Louis: As a consequence of that, I think that all of those companies doing things transparently, Baremetrics is another one. I think they do good marketing which is really fucking impressive. My guest today, you might have guessed, he's the founder of Baremetrics. Which is a metrics and forecasting tool for small business. The interesting thing about the founder of Baremetrics is that he previously founded at least ten startups, at least that's what he documented. He has two other projects on the side. One of them is Rockburg, which is an online music industry simulation game and Cedar and Sail, which is a handmade homewares site. Like me, he also sings and like a lot of us, a lot of you listening he also thinks that growth hacking is mostly manipulation, so Josh Pigford welcome aboard.
Josh: Thanks for having me, Louis.
Louis: I'm going to start with the easiest question of the show, so how to launch a new business, let's play a game. We're going to try to simulate the situation where we are listener listening to this podcast. We're either a marketer or designer or developer. We'll decide what to do with this information, but we want to launch a new business. We have $1,000 available to us right now. We want to be profitable quickly enough. Maybe within six months, we want to start making enough money to cover a bit of a salary of some sort. Here's the caveat. We cannot use your name. You cannot use your network or what you've built so far in the last few years that you've been in the business. You really have to start from scratch anonymously. The big question is, how will you go about it?

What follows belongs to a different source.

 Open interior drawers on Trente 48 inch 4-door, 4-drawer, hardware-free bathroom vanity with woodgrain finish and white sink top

Josh: Okay, I kind of feel like that was the case with Baremetrics but not totally. I think what it comes down to more than anything at all, as a baseline, you have to be solving a legit problem. Not just this, it's the whole everybody talks about are you selling pain pills or vitamins? You have to be solving something that's an actual pain and not just a nice-to-have. I think the nice-to-haves become a lot easier to sell when you do have a name or some sort of history or branding or whatever. If you're talking anonymously from scratch with zero budget, how do you get something out there? The baseline is you have to be solving a substantial problem.

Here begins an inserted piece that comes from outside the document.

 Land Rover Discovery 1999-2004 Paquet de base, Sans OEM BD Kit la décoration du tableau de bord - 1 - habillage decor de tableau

Louis: Right, let me clarify just the terms you use because they are interesting. You talk about painkillers or vitamins, what do you mean by that?
Josh: Let me try and think of a real-world example here. Let's think in terms of selling something to other businesses. A vitamin would be something that the business does not need to function. It's things like updating social profile bios or something. Whatever, maybe there's some handy way to automatically update social profiles based on what you're doing or something, you could automate that. Whatever, that's not actually a problem, nobody has that problem really.
Josh: You could do it, technically, but you're going to have a hard time making anybody pay for that. Let's take the social thing further, you think of like, Buffer that you mentioned earlier. Okay, so they're solving a major pain of companies needing to have a presence on social media that they don't forget about and they're able to build up their social media following and keep adding value. That's a thing that people hire people to do full time. The social media marketer or whatever you want to call them. That thing, Buffer’s tool, can potentially replace an employee or it's saving people lots of money or helping them make money so it's solving this major pain. It's like you have to think on a larger scale something that makes a bigger impact.
Josh: I think a lot of times the problem that new entrepreneurs have is they think that building some little tool means that they've got a business that they can scale and it's just not the case. You've got to build something that does something that substantially impacts the business.
Louis: Okay, so step one, we try to identify a pain, something that is actually really painful. Let's go through the process of potentially discovering problems around you that you might have a business about. It's not necessarily a new entrepreneur launching something new. It could be somebody in a company coming up with a feature idea or even a product idea based on pains, right? It doesn't necessarily have to be an Indie Hackers, per say.
Josh: Right, right.
Louis: How do you typically advise people how to go about this first step, to find out problems that are very painful?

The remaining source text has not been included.